Implied Volatility Tracker
This page helps you gauge whether volatility conditions for a ticker look elevated or depressed versus its own recent history. The dashboard displays a rolling implied volatility proxy computed from realized volatility (RV) using daily underlying returns.
What this tool is
The tracker estimates short-horizon annualized RV (for example ~1-month) and compares it to a longer baseline (for example ~3-month). It also reports where the current proxy sits versus its own history using a percentile. Use it to answer: “Is this ticker in a high-vol regime or a low-vol regime compared to the last few years?”
What “IV proxy” means
True implied volatility comes from option prices and depends on strike, expiry, rates, dividends, and supply and demand. This dashboard does not ingest or redistribute options quotes. Instead, it uses realized volatility of the underlying as a proxy. RV and IV often co-move, but they are not equal. The proxy can miss event-driven repricing and options-specific effects like skew and term structure.
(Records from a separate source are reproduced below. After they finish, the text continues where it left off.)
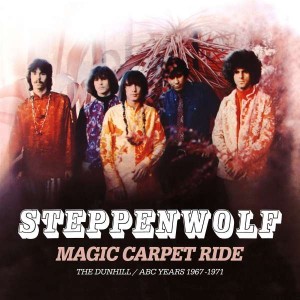 STEPPENWOLF - MAGIC CARPET RIDE (THE DUNHILL/ABC YEARS 1967-1971)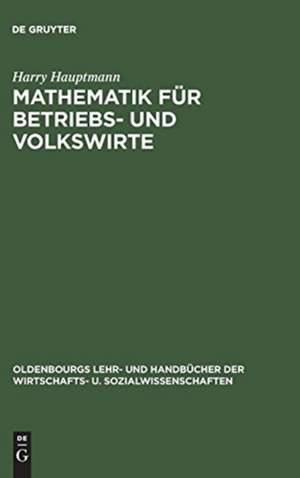 Mathematik für Betriebs- und Volkswirte de Harry Hauptmann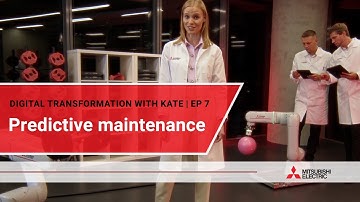 Digital transformation with Kate - episode 7 | Predictive maintenance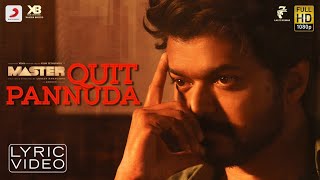 Master  Quit Pannuda Lyric  Thalapathy Vijay  Anirudh Ravichander  Lokesh Kanagaraj [upl. by Homer]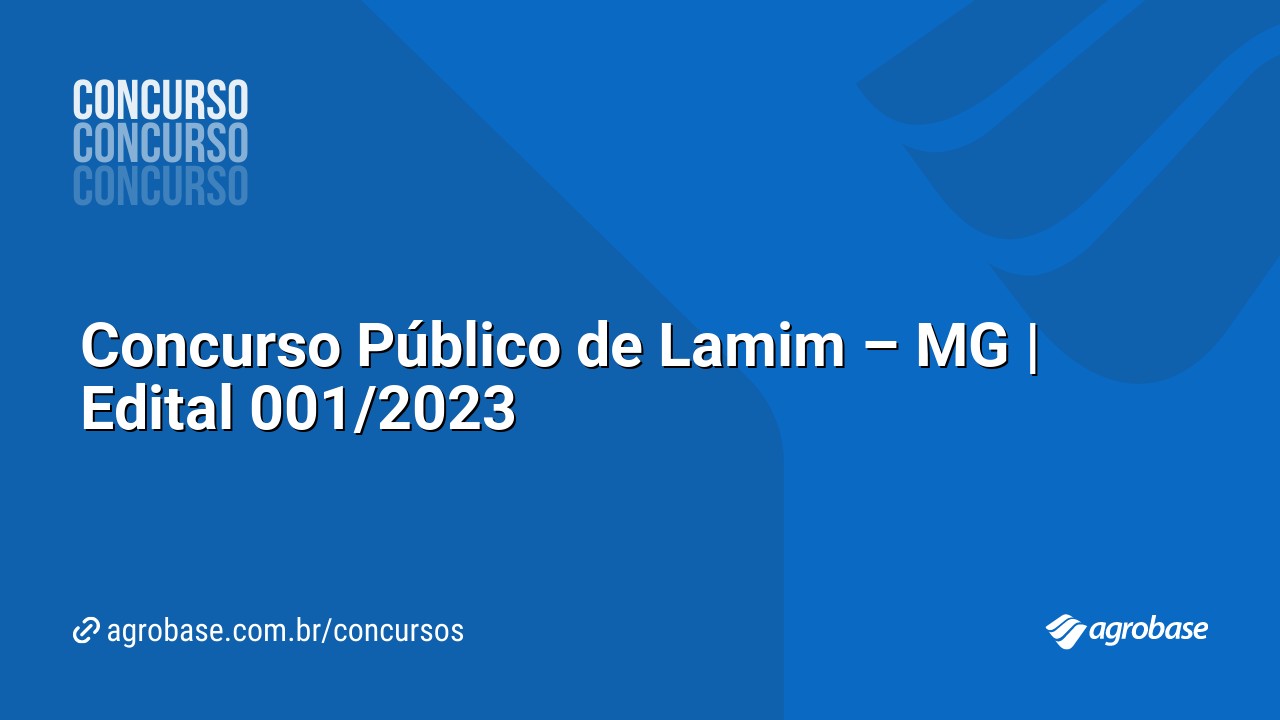 Concurso Público de Lamim – MG | Edital 001/2023
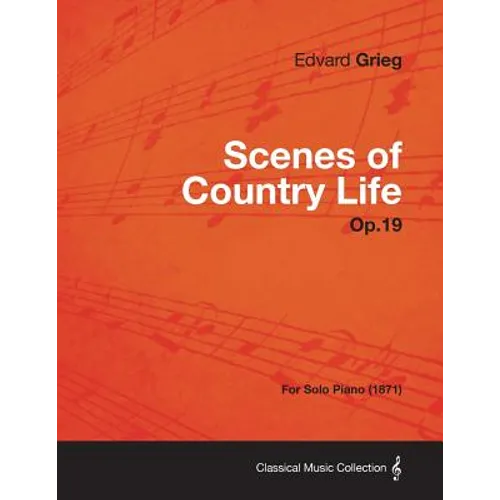 Scenes of Country Life Op.19 - For Solo Piano (1871)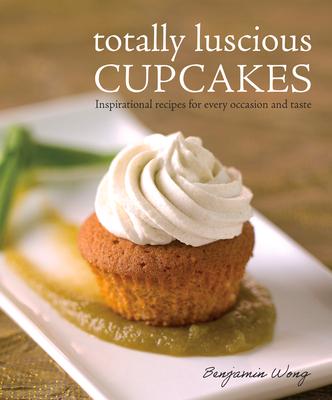 Vorderes Coverbild Totally Luscious Cupcakes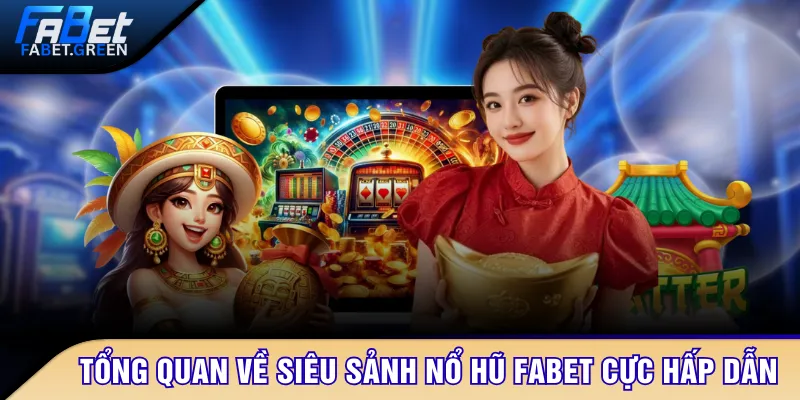 Tổng quan về siêu sảnh nổ hũ FABET cực hấp dẫn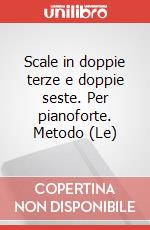 Scale in doppie terze e doppie seste. Per pianoforte. Metodo (Le) articolo cartoleria di Mannino Vincenzo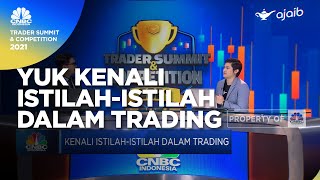 Mau Jadi Trader Andal? Yuk Kenali Istilah-istilah dalam Trading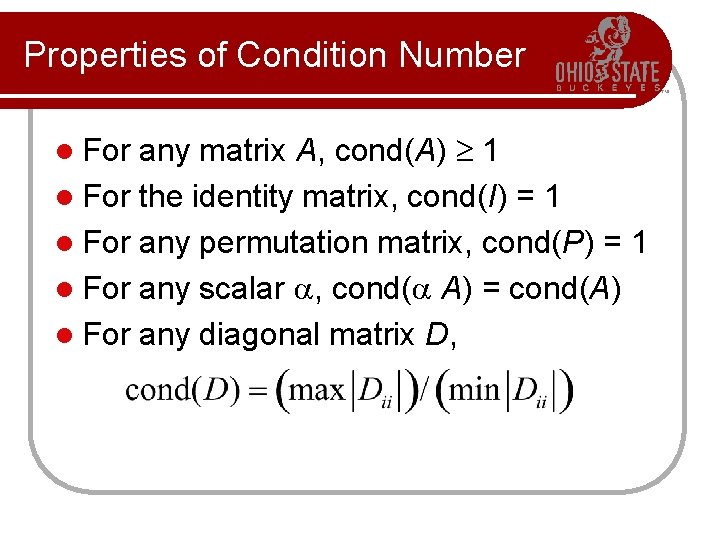 Properties of Condition Number any matrix A, cond(A) 1 l For the identity matrix,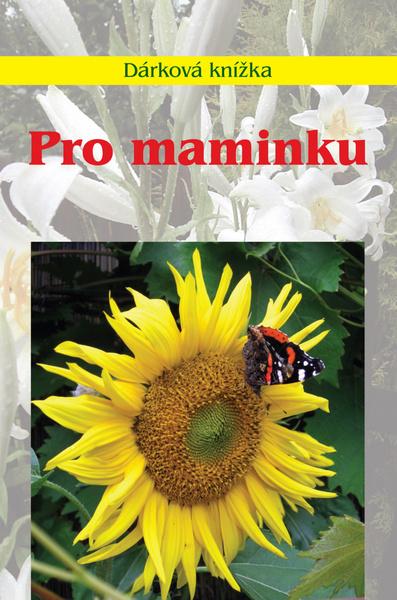 Levně Pro maminku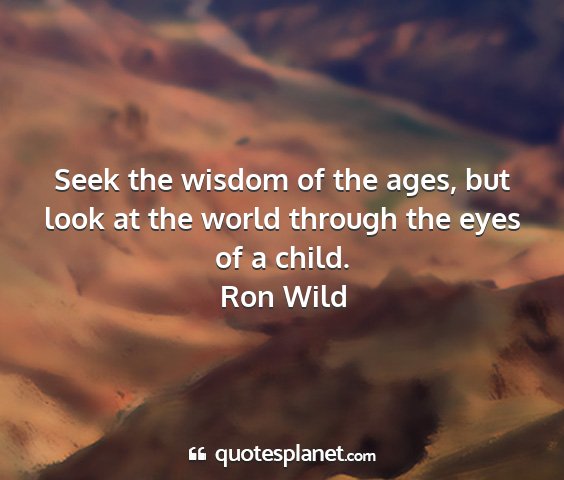 Ron wild - seek the wisdom of the ages, but look at the...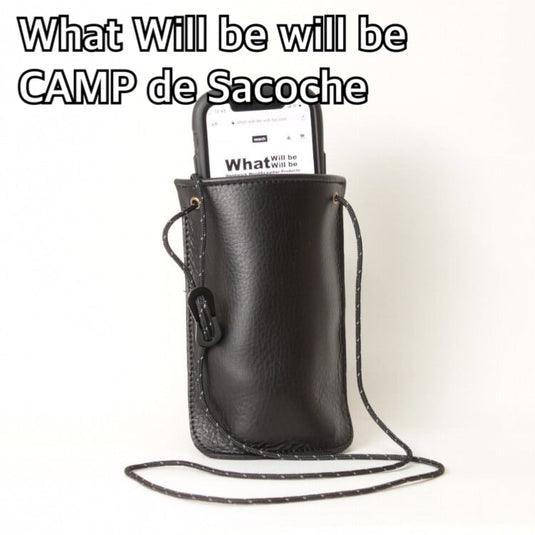 What Will be Will be  CAMP de Sacoche (キャンプデサコッシュ)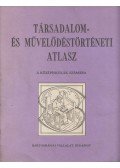 Papp-Váry Árpád - Társadalom- és művelődéstörténeti atlasz
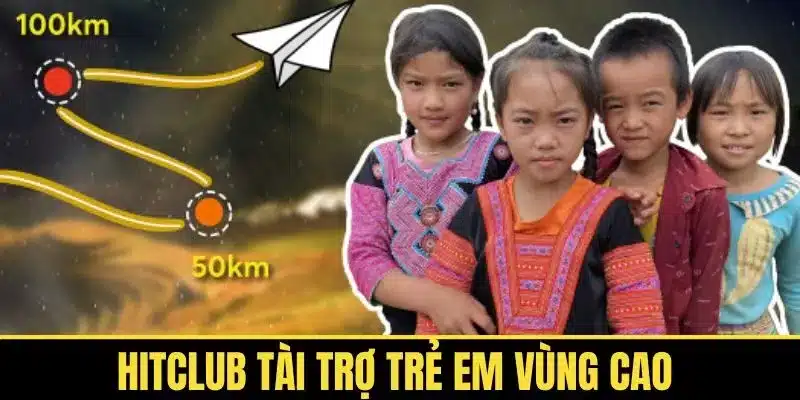 Hitclub tài trợ trẻ em vùng cao, mang yêu thương các em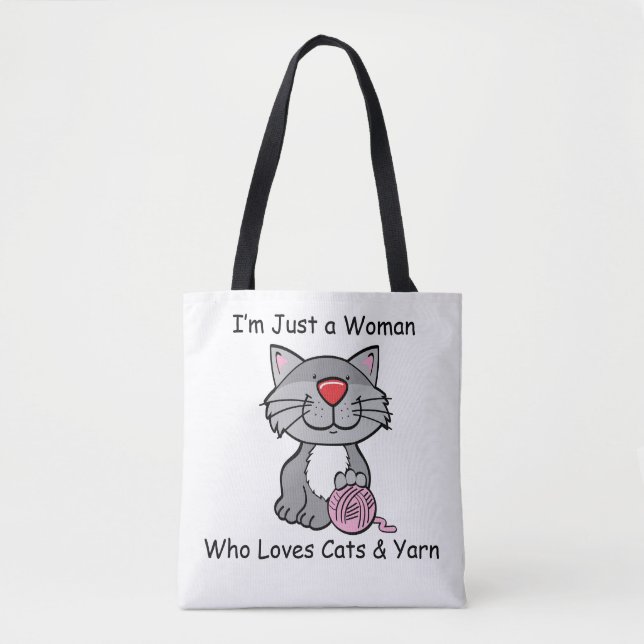 I’m Just a Woman Who Loves Cats and Yarn Tote Bag (Front)
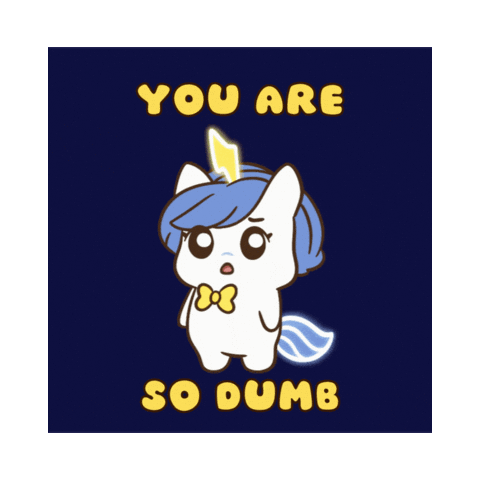 Idiot You Are So Dumb Sticker by Brave Unicorn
How to interpret IV percentile
The “IV Percentile” shown is the percentile rank of the current proxy versus the proxy’s own historical values over the chosen lookback. A value of 90% means the current proxy is higher than roughly 90% of observations in the window. A value of 10% means it is lower than about 90% of history. This is an informational percentile, not a forecast.
Disclosure: This is a realized-volatility-based proxy and may differ materially from actual implied volatility. It can miss event-driven implied volatility spikes and skew/term-structure effects. For informational and educational purposes only. Not investment advice.